===== MATERIAL SHOWN
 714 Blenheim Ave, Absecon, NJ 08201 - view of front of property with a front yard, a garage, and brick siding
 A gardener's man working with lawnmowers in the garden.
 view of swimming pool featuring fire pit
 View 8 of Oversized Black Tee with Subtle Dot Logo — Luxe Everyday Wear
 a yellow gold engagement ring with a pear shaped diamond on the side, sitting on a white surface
==========
===== MATERIAL SHOWN
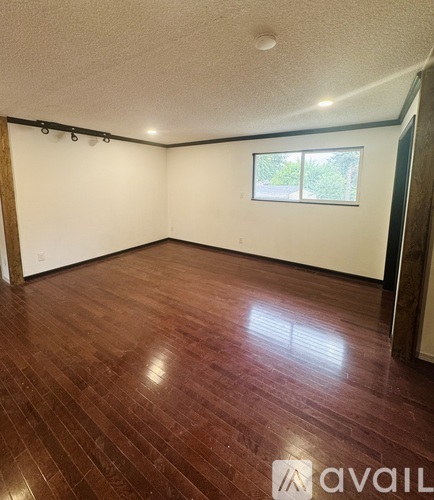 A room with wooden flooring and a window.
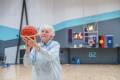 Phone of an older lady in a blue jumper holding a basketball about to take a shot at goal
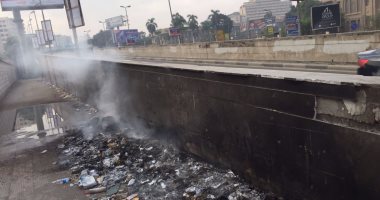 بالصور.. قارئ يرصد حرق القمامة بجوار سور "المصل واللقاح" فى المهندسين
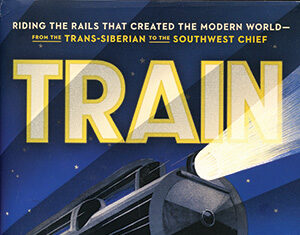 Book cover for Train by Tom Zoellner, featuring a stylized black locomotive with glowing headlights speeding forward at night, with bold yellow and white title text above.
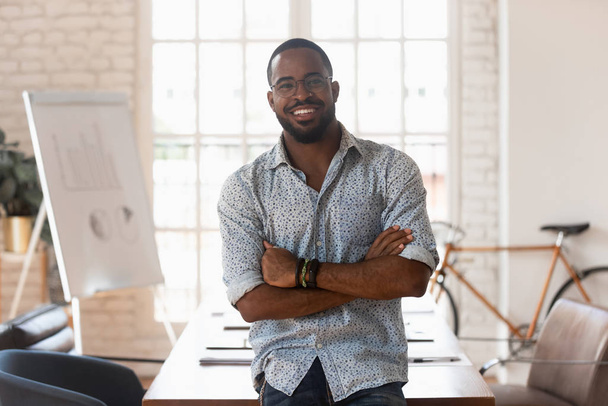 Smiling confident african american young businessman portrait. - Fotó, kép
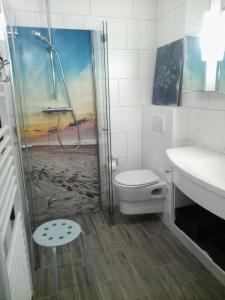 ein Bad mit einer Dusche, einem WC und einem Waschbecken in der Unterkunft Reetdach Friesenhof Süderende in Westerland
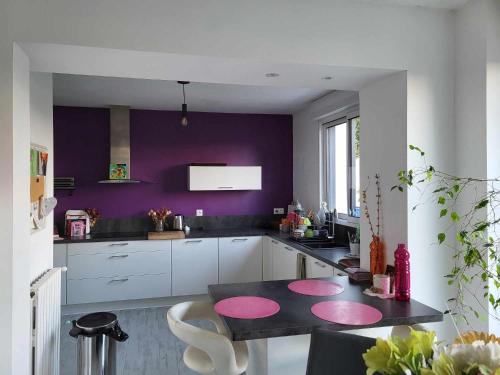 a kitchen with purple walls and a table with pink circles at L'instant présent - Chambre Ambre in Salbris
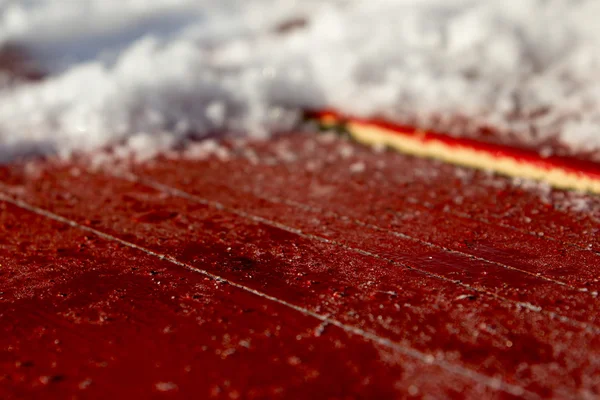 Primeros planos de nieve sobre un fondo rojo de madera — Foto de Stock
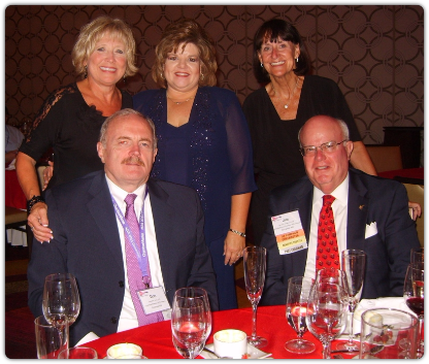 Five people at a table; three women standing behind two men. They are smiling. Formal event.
==========
Precisely the lines between those holding "714 Blenheim Ave, Absecon, NJ" and "View 8 of Oversized", inclusive, are to be reproduced from the listing above, with nothing added.

## [TASK RESPONSE]
 714 Blenheim Ave, Absecon, NJ 08201 - view of front of property with a front yard, a garage, and brick siding
 A gardener's man working with lawnmowers in the garden.
 view of swimming pool featuring fire pit
 View 8 of Oversized Black Tee with Subtle Dot Logo — Luxe Everyday Wear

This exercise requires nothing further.